◆ **Data extract**
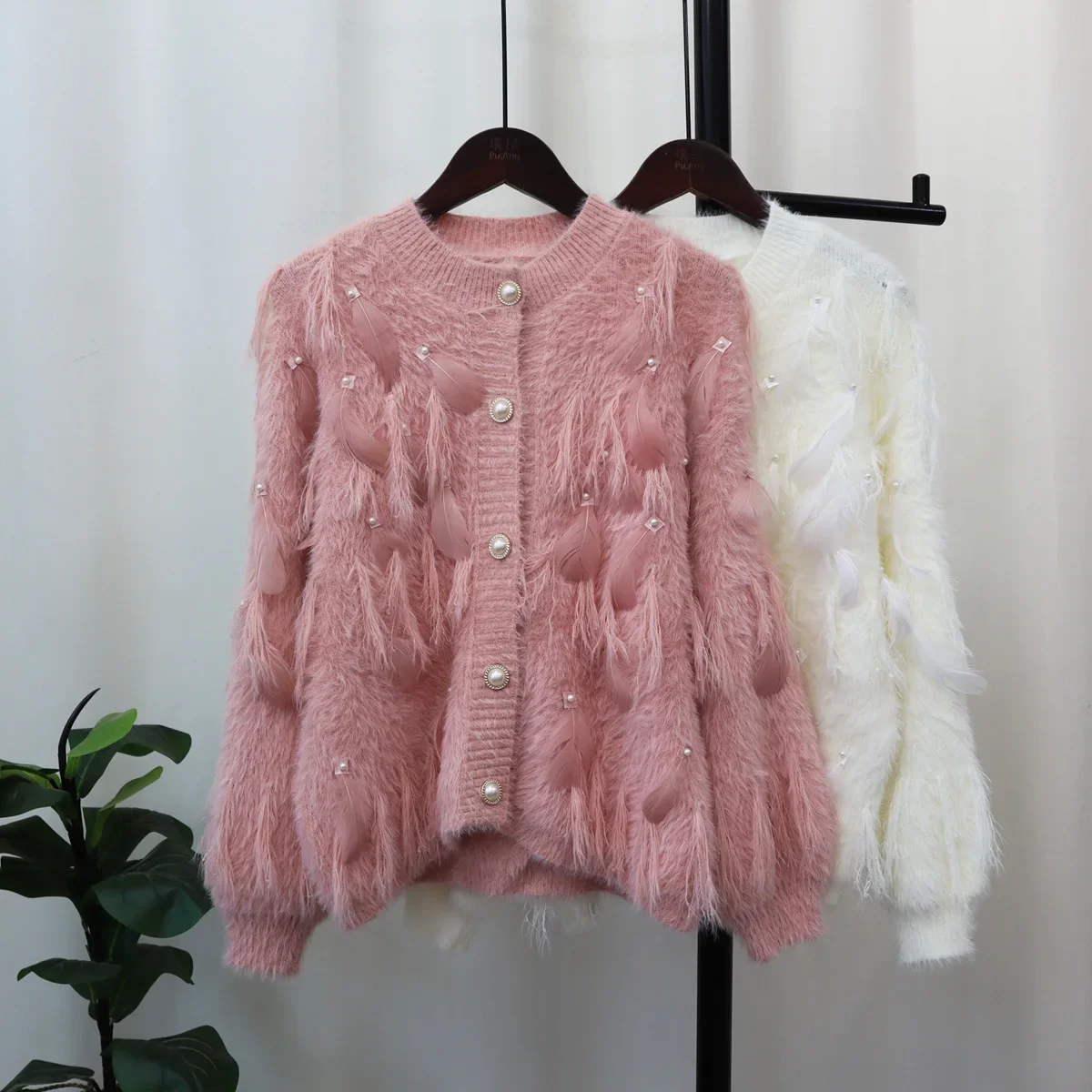 Fur Long Sleeve Cardigan Fluffy Top Beaded Autumn Winter 2024 Pink Knitted Sweaters Women Spring Tops Jumpers Knit Pullovers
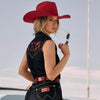 Wrangler X Lainey Wilson Womens Embroidered Sleeveless Denim Shirt Dark Rinse - 112380468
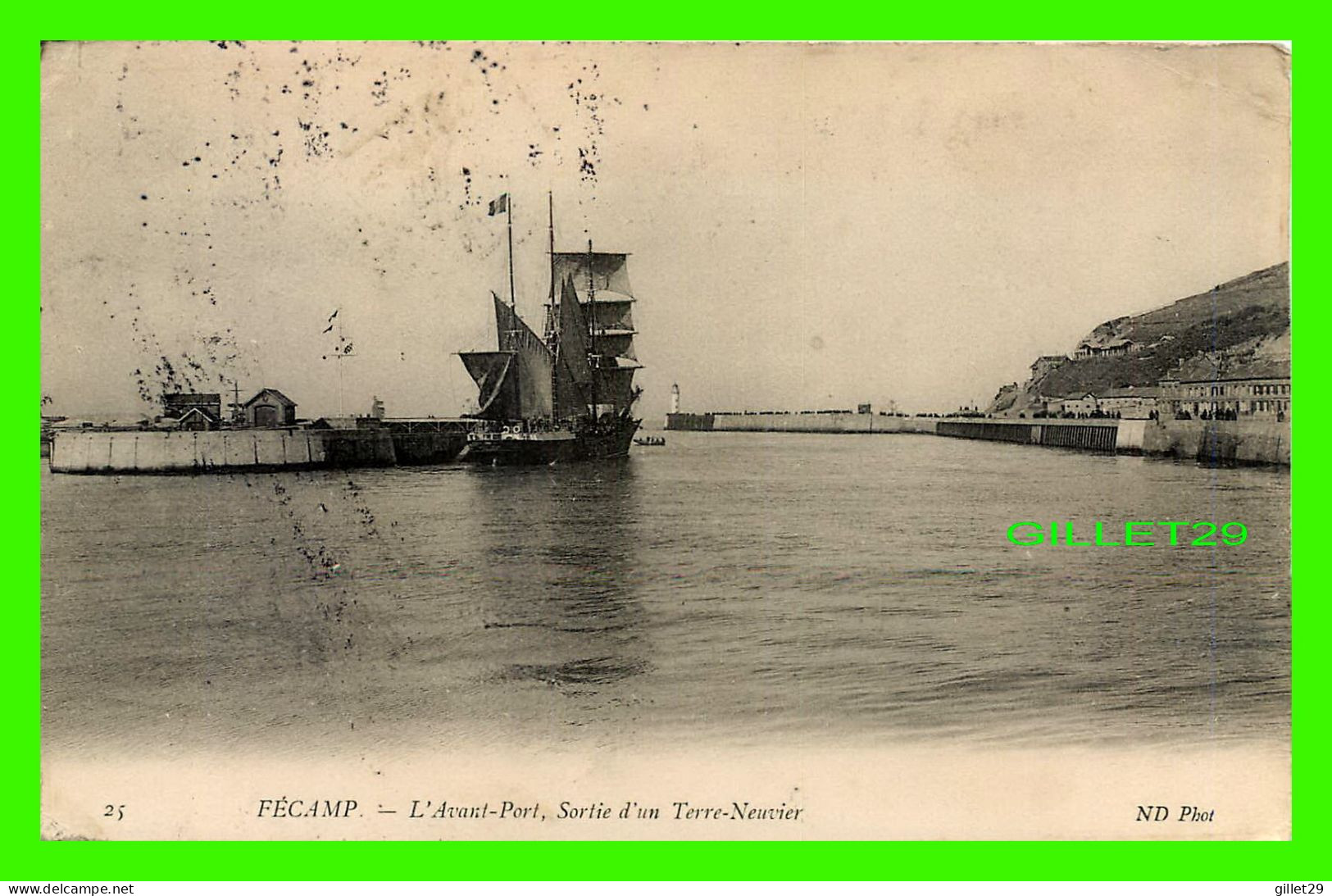 SHIP, BATEAUX, VOILIERS - FÉCAMP (76) - L'AVANT-PORT, SORTIE D'UN TERRE-NEUVIER - ND. PHOT - TRAVEL IN 1908 - - Segelboote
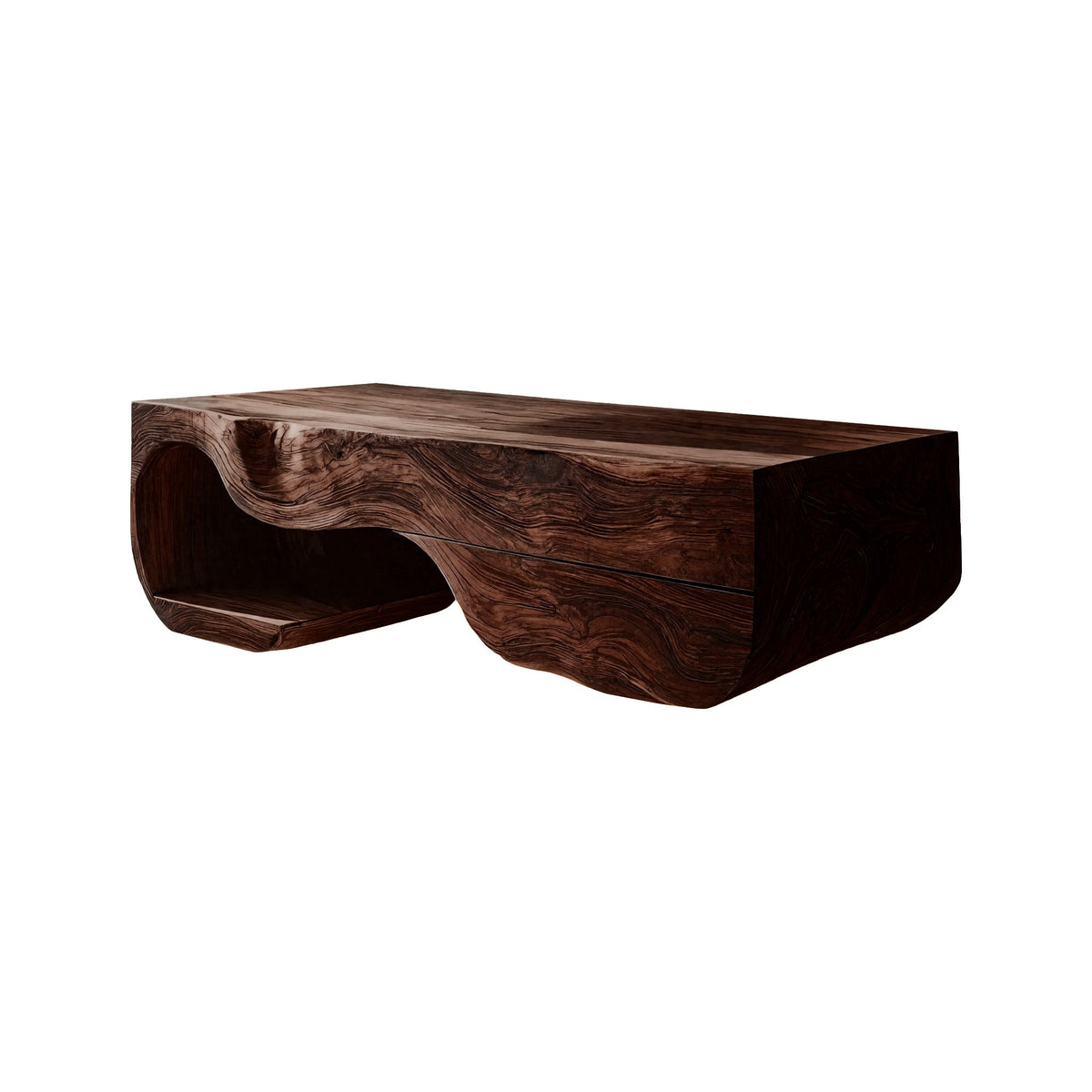 Sculpted Solid Wood Floating Bathroom Vanity with Drawer in Dark Walnut finish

◆ **Task requirements**
Reproduce, unchanged, each line between the one with "SHIP, BATEAUX, VOILIERS" and the last line of the material, both included; the pictures do not go in.

◆ **Result**
 SHIP, BATEAUX, VOILIERS - FÉCAMP (76) - L'AVANT-PORT, SORTIE D'UN TERRE-NEUVIER - ND. PHOT - TRAVEL IN 1908 - - Segelboote
 Sculpted Solid Wood Floating Bathroom Vanity with Drawer in Dark Walnut finish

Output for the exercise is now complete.